Untuk mengurangi endapan itu, Direktorat Jenderal SDA Departemen Pekerjaan Umum akan membeli dua unit kapal keruk. Dana untuk itu telah dialokasikan pada APBN 2008. "Pendangkalan atau sedimentasi pada Bendungan Wonogiri sudah parah. Karena itu, kita berencana membeli dua kapal keruk untuk menguranginya," kata Dirjen SDA, Iwan Nusyirwan.

Iwan Nursyirwan menjelaskan, pendangkalan disebabkan rusaknya daerah hulu sehingga aliran air turut membawa tanah dan lumpur. "Hulu rusak antara lain disebabkan penebangan hutan. Hal tersebut berakibat air membawa banyak lumpur lalu terjadilah sedimentasi," kata Iwan Nursyirwan.

Sementara itu, menurut hitungan Dirjen SDA, kerugian akibat terendam aliran Bengawan Solo mencapai Rp 60 milyar. Kerugian itu antara lain dikarenakan rusaknya pintu-pintu dan dinding tanggul. ''Kerugian secara total berdasarkan hasil inventarisasi mencapai Rp 60 milyar,'' kata Iwan pula.

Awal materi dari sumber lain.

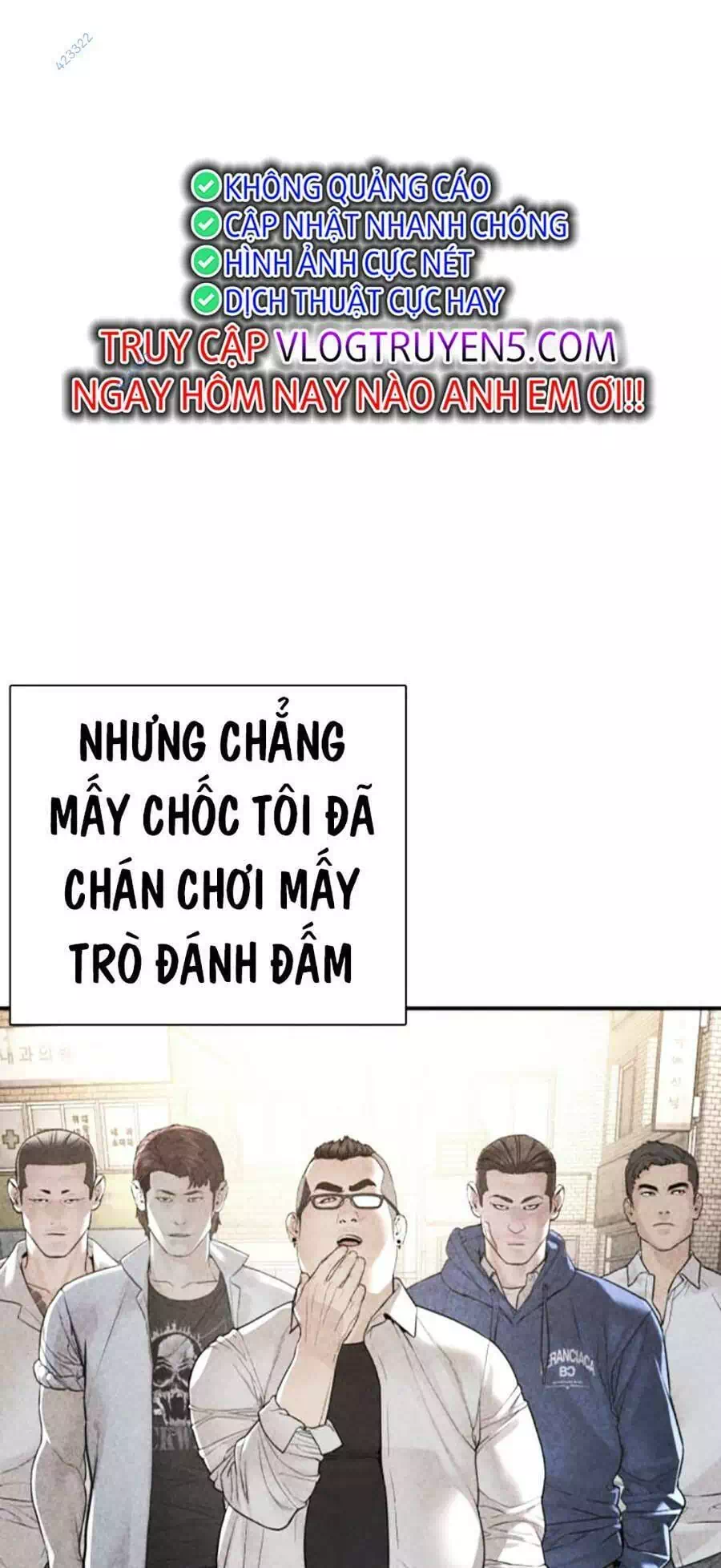 Truyện Tranh Cách Chiến Thắng Trận Đấu trang 6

Dana untuk menutupi kerugian tersebut akan diambil dari anggaran darurat Ditjen SDA 2008. Kerusakan pintu atau jebolnya dinding tanggul sepanjang sungai Bengawan Solo pada 180 titik lokasi. Menurut Dirjen SDA, khusus untuk banjir di Bojonegoro lebih disebabkan dibukanya pintu-pintu tanggul oleh warga penghuni bantaran sungai.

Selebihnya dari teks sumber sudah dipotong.